Description of problem: Attackers can force switch all the REST APIs(https://<host_ip>/api) from HTTPS into HTTP, so attackers can induce the victim user using crafted html page for eavesdropping user credentials like authorization token. Version-Release number of selected component (if applicable): oVirt 3.4.0-5 beta3 How reproducible: 100% Steps to Reproduce: 1. Open http://<host_ip>/api in browser Actual results: Browser successfully opens the page Expected results: Should force switch to https://<host_ip>/api Additional info:
This was kept for backward compatibility as HTTP redirect is not mandatory in Rest API. It is up to the 3rd party to select the channel to use.
What backwards compatibility?

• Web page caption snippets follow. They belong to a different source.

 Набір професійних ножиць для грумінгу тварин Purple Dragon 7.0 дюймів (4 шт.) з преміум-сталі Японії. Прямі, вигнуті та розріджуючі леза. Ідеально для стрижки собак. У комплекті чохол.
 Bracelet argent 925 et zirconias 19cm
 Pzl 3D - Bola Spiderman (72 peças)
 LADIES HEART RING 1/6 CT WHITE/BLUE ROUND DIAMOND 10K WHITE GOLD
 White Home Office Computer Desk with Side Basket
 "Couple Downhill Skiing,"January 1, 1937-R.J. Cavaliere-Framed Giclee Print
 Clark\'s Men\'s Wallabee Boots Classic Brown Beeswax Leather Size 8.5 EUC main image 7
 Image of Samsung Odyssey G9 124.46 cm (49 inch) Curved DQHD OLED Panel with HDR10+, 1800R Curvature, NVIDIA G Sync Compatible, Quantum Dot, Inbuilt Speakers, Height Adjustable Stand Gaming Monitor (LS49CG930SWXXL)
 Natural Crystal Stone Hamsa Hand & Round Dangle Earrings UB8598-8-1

The previous version didn't accept non encrypted connections.
(In reply to Juan Hernández from comment #2) > What backwards compatibility? The previous version didn't accept non > encrypted connections. Correct. My bad[1] Was confused with other application. [1] http://gerrit.ovirt.org/#/c/6827/
Sandro, I think that 3.4.0 shouldn't be released without the fix for this bug.
Can we make this bug public, please?
Removing restriction as impact is not that high.
SRT Note: this is a security hardening issue and not a security vulnerability, so no CVE/etc.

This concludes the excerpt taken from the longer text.